Bu cevabı anlamış Molla Cami. Bir o kadar da üzülmüş. Bardağı alır almaz, kapı yanındaki gül goncasından bir gül yaprağı koparıp koymuş bardağın üstüne. Bardak taşmamış tabii. İçeri göndermiş. Bu ince cevabı gören kırk gönül eri, sayı dolmuş olsa bile bu insanı, buyur etmişler içeri.

Kimler ne anlar bu hikayeden ama, benim anladığım şudur: Nereye giderseniz gidin, dolu bile olsa yerler, bir gül yaprağı olup kalın orda. Yani kimse sizi fazlalık hissetmesin, kimselere yük olmayın.

Nasıl olur bu? Hepsinden önemlisi, kimsenin elindekini istemeyin. Her şeyi hakedin ve herkese gönlünüzden bir şeyler katın.

Nasıl olur bilmem ama, kalışınız bir yerde hep gül yaprağı gibi olsun. Kimseler anlamasın. Her şey tamam gibi olsun, fazlalık olmasın, her şey normal gibi olsun, her şey sıradan gibi olsun.

Sonra bir gün gittiğinizde dolmayacak bir eksikliğiniz hissedilsin. Yitirenler taa gönüllerinden duysunlar eksikliğinizi. Sağnak bir yağmur gibi inceden yağan. Yağdığında kimseler anlamaz da, yağmadığındadır asıl yokluğu hissedildiği an. Tıpkı öyle işte.

Ben nerde çalıştı isem, bütün gayretimi verdim çalıştığım yerlere. Okullara hatta askerliğimi yaptığım yerde askeriyeye. Kaldığım zaman kimselere yük olmadım. Kendi adımdan, kendi kokumdan kokular bırakmaya çalıştım oralarda. İyi şeylerdi yapmak istediklerim. Duvarlara, taşlara içimden renkler dokumaya çalıştım. Hiçbirisinde yük etmedim kendimi bu yerlere. Hep bir gül yaprağı gibi kalmaya çalıştım.

Hemen söyleyeyim eksikliğim pek de hissedilmemiştir gittiğimde.

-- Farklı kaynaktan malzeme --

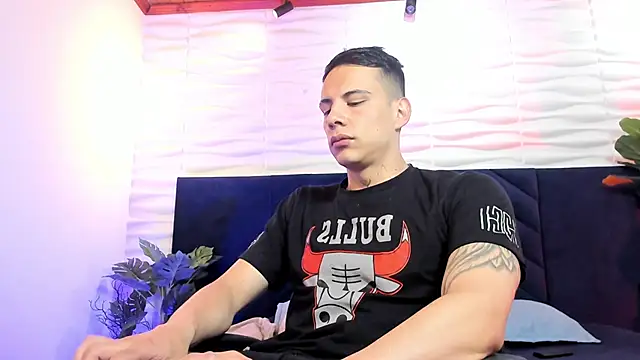 Dustin Sonne online show from March 11, 3:44 am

Hep şöyle düşündüm Akif gibi kendi adıma: ‘Sessiz yaşadım, kim beni nerden bilecek ki?’

Sevgili öğrencilerim ve dostlarım.

Bir gül yaprağı taşırmaz elbette bir bardağın içindeki suyu. Ama bilin ki, kokusu işler o suyun ta zerrelerine.

Öyle ince olun ki... Öyle güzel haliniz ve hal diliniz olsun ki, suyu taşırmayacağınızı da herkes anlasın. Kapılar kapanmasın yüzünüze.

Hangi kapının tokmağına dokunursanız kokunuz ulaşsın içeriye kapılar açılmadan. Kapılar aralansın, sürgüler açılsın kendiliğinden.

Bir dolu bardağı bir gül yaprağı taşırmaz elbet. Kaybı da yoktur bardağın içindeki suyun. Ama kazandığı çoktur, gül kokusu gibi.